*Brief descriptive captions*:
================================

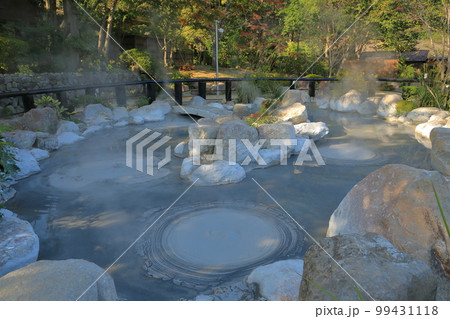 あちらこちらから球状の熱泥が湧き上がる別府鬼石坊主地獄の風景 あちらこちらから球状の熱泥が湧き上がる別府鬼石坊主地獄の風景 99431118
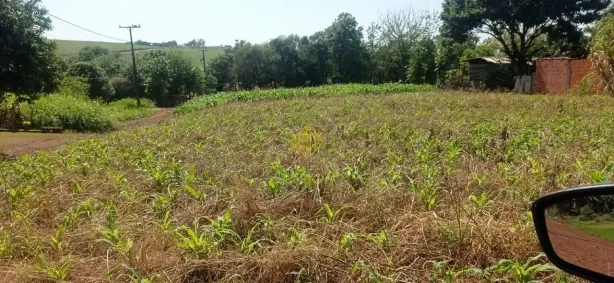 Lote/Terreno à venda, 998m² no Área Rural de Toledo, Toledo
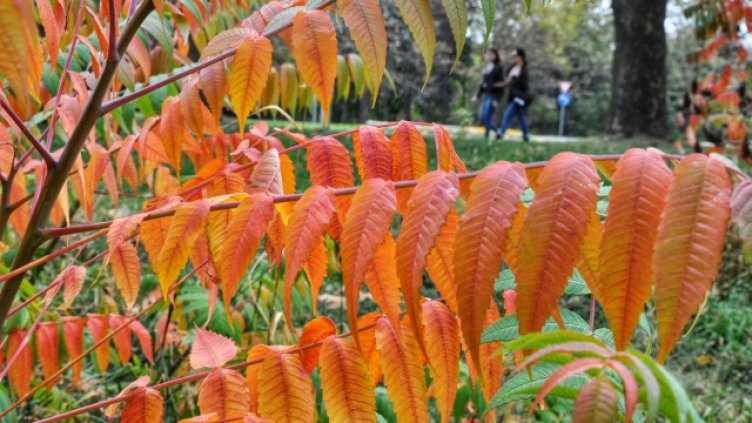 Климатолог: Топлото време през есента се случва през 20 години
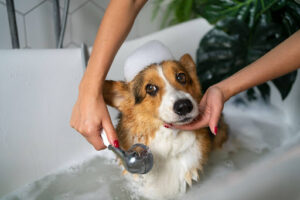 Pet Universe Starlux Best Dog Grooming Service
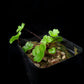 Doryopteris pilosa mini fern sale Singapore side view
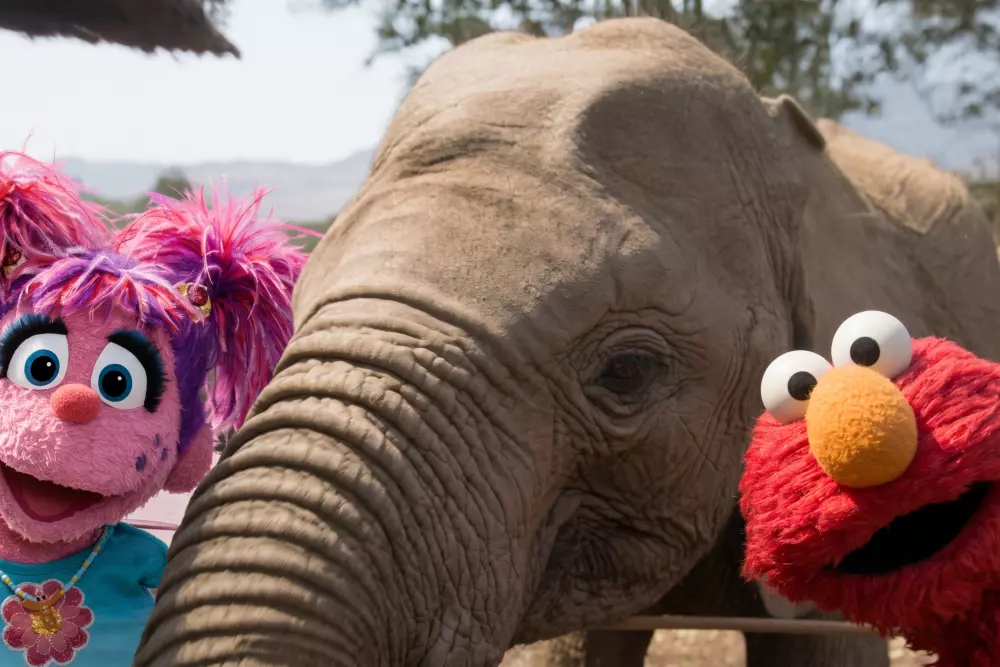 Elmo and Friends Embark on an African Safari in 'Sesame Street and the Great Elephant Adventure'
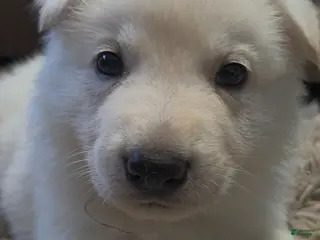 German Shepherd dogs White German Shepherd Puppy - Blue - Ad 20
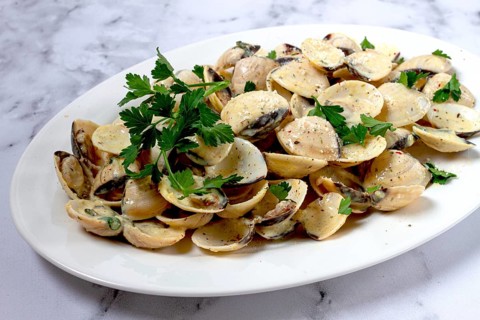 Vongole clams, in cream sauce, on a white plate, homemade, top view, no people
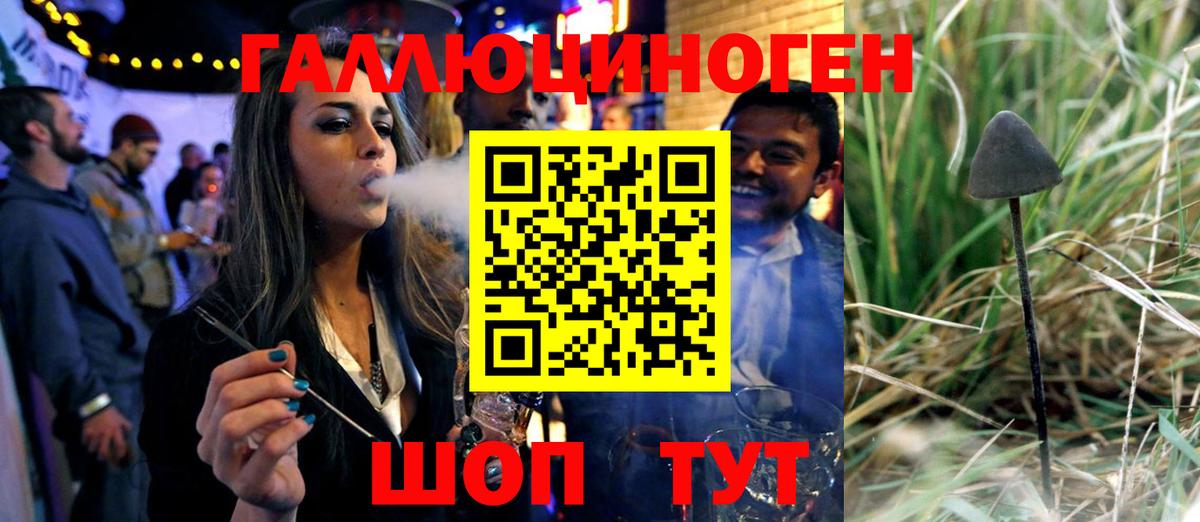 Нефтекамск  сколько стоит  Вход с VPN  Псилоцибиновые грибы Cubensis 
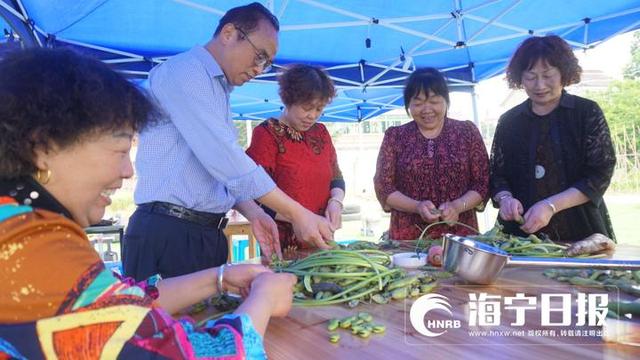 海宁杨汇桥村好风光 四方游客纷纷来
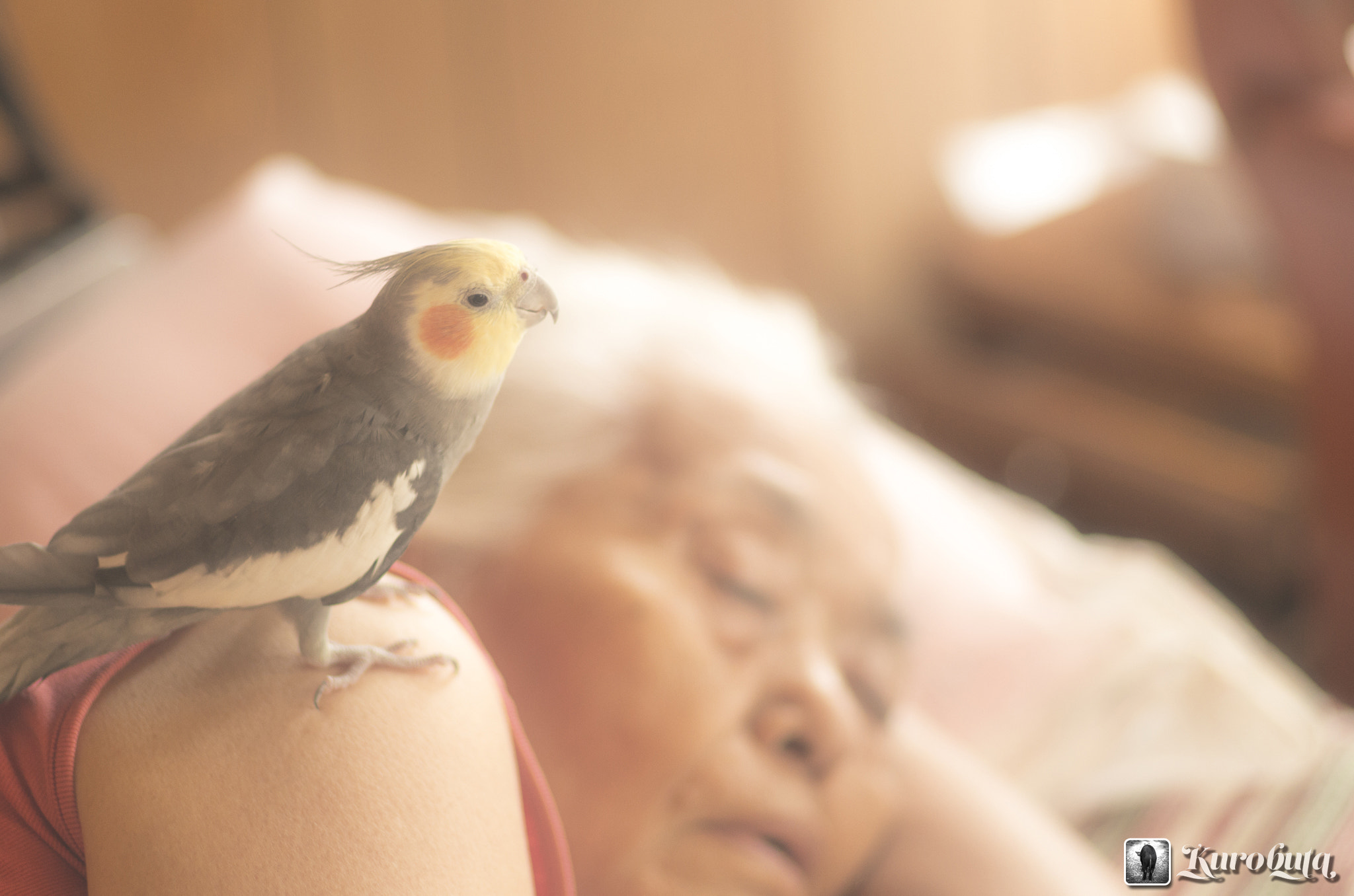 Pentax smc FA 77mm 1.8 Limited sample photo. Peaceful time photography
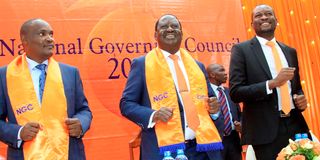 ODM leadership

================================

*Aim of the task*: Transcribe the entries word for word, without their pictures.

*Response to the exercise*:
 あちらこちらから球状の熱泥が湧き上がる別府鬼石坊主地獄の風景 あちらこちらから球状の熱泥が湧き上がる別府鬼石坊主地獄の風景 99431118
 Lote/Terreno à venda, 998m² no Área Rural de Toledo, Toledo
 Климатолог: Топлото време през есента се случва през 20 години
 Pet Universe Starlux Best Dog Grooming Service
 Doryopteris pilosa mini fern sale Singapore side view
 Elmo and Friends Embark on an African Safari in 'Sesame Street and the Great Elephant Adventure'
 German Shepherd dogs White German Shepherd Puppy - Blue - Ad 20
 Vongole clams, in cream sauce, on a white plate, homemade, top view, no people
 Нефтекамск  сколько стоит  Вход с VPN  Псилоцибиновые грибы Cubensis 
 海宁杨汇桥村好风光 四方游客纷纷来
 Pentax smc FA 77mm 1.8 Limited sample photo. Peaceful time photography
 ODM leadership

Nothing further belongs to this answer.